**REQUIRED WORK**. A copy is needed of each line in the records that has the word "Trunks".

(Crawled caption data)

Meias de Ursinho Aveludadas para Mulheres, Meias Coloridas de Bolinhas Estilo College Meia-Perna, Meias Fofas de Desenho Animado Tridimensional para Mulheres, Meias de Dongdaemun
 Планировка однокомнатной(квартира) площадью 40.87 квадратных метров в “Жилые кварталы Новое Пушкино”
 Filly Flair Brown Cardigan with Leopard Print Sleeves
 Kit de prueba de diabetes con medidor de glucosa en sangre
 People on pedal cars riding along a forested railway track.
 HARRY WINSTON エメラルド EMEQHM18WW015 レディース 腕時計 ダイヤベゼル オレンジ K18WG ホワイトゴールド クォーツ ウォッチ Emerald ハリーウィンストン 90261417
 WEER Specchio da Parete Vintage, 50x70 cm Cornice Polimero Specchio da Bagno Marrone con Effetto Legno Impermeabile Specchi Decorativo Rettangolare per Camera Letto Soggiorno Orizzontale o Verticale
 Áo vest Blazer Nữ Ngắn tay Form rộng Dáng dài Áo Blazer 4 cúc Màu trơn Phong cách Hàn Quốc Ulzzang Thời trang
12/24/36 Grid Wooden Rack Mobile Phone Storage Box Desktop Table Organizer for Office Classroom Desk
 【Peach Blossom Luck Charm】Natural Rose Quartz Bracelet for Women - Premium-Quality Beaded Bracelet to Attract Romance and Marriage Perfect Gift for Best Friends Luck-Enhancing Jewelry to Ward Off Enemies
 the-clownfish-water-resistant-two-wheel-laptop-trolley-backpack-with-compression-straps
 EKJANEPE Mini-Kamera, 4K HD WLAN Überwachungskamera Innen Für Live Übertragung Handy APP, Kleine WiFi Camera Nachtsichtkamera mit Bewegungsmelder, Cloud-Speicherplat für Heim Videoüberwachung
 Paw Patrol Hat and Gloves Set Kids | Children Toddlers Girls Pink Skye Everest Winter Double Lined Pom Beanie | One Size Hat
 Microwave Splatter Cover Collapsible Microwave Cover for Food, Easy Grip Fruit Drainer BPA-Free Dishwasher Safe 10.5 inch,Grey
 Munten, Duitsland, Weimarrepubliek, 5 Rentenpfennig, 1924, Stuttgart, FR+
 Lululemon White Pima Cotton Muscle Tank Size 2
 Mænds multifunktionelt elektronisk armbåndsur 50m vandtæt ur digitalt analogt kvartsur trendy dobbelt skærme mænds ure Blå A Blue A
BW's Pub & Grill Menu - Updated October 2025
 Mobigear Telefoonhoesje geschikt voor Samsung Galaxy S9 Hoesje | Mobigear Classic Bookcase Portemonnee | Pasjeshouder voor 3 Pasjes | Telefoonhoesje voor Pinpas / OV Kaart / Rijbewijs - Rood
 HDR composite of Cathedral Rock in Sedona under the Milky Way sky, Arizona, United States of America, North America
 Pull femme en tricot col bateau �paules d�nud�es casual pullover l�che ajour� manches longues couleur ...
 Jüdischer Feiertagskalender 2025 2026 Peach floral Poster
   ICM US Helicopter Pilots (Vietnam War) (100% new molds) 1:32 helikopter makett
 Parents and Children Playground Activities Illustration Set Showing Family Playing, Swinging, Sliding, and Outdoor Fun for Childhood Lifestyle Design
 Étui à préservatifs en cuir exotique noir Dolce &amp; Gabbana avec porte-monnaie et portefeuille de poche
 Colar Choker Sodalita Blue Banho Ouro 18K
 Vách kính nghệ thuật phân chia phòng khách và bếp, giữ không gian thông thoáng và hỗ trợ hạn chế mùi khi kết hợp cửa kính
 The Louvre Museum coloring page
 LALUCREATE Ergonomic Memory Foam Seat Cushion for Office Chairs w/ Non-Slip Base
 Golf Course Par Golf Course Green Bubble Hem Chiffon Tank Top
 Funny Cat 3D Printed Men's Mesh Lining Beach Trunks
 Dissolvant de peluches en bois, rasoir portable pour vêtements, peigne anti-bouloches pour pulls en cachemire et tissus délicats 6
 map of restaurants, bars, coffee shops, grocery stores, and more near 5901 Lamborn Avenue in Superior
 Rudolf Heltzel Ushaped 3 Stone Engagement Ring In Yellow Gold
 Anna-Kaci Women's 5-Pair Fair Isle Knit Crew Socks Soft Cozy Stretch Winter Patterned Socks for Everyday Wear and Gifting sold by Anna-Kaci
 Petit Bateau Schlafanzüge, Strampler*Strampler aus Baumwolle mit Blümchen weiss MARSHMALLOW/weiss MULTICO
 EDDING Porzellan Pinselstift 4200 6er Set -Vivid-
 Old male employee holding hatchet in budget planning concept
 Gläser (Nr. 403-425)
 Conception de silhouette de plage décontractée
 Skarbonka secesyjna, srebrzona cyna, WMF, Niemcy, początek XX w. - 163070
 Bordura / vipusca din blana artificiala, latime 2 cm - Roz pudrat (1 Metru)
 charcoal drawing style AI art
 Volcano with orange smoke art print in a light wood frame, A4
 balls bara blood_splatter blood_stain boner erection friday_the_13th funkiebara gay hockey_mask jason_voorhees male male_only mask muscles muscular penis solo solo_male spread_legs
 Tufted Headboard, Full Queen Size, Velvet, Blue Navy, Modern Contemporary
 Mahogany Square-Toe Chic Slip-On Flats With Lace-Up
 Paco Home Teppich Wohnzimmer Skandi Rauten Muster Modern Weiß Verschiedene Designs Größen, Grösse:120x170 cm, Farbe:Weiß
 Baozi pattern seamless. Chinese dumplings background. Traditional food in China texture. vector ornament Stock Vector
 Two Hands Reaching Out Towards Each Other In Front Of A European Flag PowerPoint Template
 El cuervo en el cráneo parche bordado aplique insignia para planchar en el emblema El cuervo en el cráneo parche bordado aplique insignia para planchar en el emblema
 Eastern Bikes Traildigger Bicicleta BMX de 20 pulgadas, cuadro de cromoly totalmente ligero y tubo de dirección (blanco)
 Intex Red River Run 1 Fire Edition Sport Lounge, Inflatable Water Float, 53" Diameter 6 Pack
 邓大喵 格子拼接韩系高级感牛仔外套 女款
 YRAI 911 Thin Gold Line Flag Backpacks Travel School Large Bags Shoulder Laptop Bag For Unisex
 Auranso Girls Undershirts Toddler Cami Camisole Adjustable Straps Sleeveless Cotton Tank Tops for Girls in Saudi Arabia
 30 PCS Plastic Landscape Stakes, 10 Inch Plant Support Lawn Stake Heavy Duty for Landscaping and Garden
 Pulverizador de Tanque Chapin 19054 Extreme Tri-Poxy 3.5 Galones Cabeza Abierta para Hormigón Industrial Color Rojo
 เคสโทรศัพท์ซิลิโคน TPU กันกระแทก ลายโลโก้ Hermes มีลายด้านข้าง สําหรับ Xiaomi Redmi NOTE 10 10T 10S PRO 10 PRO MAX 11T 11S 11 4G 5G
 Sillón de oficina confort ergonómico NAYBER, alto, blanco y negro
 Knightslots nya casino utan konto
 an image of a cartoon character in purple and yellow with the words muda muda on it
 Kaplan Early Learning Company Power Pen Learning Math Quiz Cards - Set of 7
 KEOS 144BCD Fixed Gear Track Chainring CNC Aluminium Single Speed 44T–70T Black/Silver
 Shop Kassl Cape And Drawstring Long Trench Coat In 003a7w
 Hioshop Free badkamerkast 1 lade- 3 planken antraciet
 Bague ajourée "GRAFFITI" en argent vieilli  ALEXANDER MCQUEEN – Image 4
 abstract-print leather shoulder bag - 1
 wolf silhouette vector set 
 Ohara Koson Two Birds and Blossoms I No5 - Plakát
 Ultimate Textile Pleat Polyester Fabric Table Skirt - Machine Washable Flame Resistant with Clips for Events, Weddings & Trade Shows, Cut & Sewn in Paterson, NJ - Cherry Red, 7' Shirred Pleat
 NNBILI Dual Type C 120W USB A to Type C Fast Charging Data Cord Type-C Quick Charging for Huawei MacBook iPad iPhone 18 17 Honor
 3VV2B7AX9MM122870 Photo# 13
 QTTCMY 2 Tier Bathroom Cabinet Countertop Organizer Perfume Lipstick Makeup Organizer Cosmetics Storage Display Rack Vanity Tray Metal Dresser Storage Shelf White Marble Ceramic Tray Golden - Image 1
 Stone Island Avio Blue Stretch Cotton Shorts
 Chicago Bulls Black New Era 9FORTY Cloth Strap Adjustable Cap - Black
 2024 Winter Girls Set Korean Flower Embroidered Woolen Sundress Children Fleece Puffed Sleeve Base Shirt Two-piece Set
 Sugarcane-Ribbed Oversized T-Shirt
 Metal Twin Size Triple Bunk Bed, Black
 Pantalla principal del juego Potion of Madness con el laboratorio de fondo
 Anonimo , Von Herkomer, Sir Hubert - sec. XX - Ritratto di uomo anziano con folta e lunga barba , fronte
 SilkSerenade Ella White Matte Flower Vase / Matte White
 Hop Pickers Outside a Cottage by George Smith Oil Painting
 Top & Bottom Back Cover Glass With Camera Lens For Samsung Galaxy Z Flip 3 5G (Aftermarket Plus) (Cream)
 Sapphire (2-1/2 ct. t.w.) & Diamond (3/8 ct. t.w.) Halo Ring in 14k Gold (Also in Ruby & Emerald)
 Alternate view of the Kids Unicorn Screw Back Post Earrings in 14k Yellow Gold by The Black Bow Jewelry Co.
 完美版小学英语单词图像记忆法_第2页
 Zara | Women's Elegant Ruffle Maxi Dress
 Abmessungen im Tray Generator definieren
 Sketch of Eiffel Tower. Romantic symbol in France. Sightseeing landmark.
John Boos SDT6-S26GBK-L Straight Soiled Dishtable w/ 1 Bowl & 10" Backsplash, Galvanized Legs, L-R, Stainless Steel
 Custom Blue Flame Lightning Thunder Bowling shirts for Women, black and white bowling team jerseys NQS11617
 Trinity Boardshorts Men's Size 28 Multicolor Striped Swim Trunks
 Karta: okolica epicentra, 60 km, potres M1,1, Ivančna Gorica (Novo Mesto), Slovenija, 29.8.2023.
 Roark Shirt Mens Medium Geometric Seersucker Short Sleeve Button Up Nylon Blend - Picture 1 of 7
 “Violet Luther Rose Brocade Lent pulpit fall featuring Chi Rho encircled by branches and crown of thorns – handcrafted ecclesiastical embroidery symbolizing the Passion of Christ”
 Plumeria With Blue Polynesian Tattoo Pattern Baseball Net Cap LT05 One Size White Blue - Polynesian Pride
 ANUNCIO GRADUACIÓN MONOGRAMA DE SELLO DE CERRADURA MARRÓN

**COMPLETED EXERCISE**.
 Funny Cat 3D Printed Men's Mesh Lining Beach Trunks
 Trinity Boardshorts Men's Size 28 Multicolor Striped Swim Trunks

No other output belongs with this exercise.